■ **Work instructions**: Any pictures in the records below must be left out when you repeat the lines from the line containing "Фотография мужчины Олег, 30" through the line containing "Assorted Brands 100%" exactly.

■ **Given entries**:
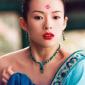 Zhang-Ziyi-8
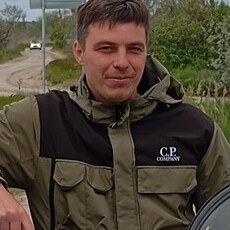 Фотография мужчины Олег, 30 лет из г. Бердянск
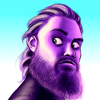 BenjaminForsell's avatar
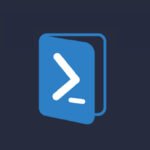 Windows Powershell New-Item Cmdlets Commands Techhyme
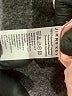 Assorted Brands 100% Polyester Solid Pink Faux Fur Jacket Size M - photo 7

...

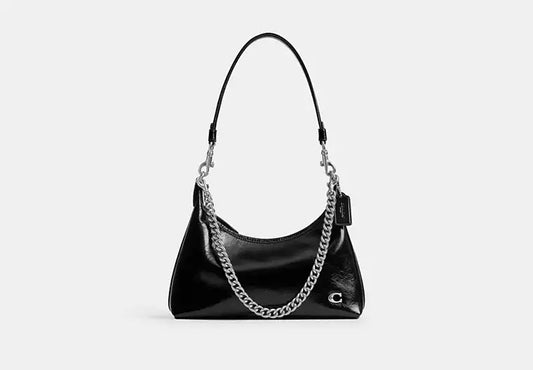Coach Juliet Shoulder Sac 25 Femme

...

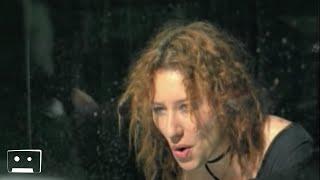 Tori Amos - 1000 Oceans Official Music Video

■ **Your solution**:
 Фотография мужчины Олег, 30 лет из г. Бердянск
 BenjaminForsell's avatar
 Windows Powershell New-Item Cmdlets Commands Techhyme
 Assorted Brands 100% Polyester Solid Pink Faux Fur Jacket Size M - photo 7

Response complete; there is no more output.